[MATERIAL TO PROCESS — start]

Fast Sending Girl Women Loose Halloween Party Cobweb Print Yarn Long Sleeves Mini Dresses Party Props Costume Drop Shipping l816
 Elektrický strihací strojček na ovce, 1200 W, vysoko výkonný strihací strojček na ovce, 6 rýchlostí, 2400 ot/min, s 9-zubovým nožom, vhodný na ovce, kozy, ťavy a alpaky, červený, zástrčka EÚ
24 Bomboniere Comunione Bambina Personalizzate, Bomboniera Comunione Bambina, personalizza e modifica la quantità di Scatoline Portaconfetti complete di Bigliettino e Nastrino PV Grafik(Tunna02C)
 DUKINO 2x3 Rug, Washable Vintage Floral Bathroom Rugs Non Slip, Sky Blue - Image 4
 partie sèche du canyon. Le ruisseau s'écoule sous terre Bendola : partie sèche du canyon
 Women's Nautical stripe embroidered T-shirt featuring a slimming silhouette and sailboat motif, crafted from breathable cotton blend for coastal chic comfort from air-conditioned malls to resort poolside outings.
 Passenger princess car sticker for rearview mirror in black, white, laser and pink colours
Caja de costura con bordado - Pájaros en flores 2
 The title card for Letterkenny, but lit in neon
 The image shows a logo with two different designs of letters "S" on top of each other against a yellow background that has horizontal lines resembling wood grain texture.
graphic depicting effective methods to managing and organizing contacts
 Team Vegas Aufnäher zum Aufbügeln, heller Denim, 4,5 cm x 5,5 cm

[MATERIAL TO PROCESS — finish]

Only the lines from the one containing "DUKINO 2x3 Rug, Washable" through the last line of the records above are to be reproduced, exactly and with both ends included.

 DUKINO 2x3 Rug, Washable Vintage Floral Bathroom Rugs Non Slip, Sky Blue - Image 4
 partie sèche du canyon. Le ruisseau s'écoule sous terre Bendola : partie sèche du canyon
 Women's Nautical stripe embroidered T-shirt featuring a slimming silhouette and sailboat motif, crafted from breathable cotton blend for coastal chic comfort from air-conditioned malls to resort poolside outings.
 Passenger princess car sticker for rearview mirror in black, white, laser and pink colours
Caja de costura con bordado - Pájaros en flores 2
 The title card for Letterkenny, but lit in neon
 The image shows a logo with two different designs of letters "S" on top of each other against a yellow background that has horizontal lines resembling wood grain texture.
graphic depicting effective methods to managing and organizing contacts
 Team Vegas Aufnäher zum Aufbügeln, heller Denim, 4,5 cm x 5,5 cm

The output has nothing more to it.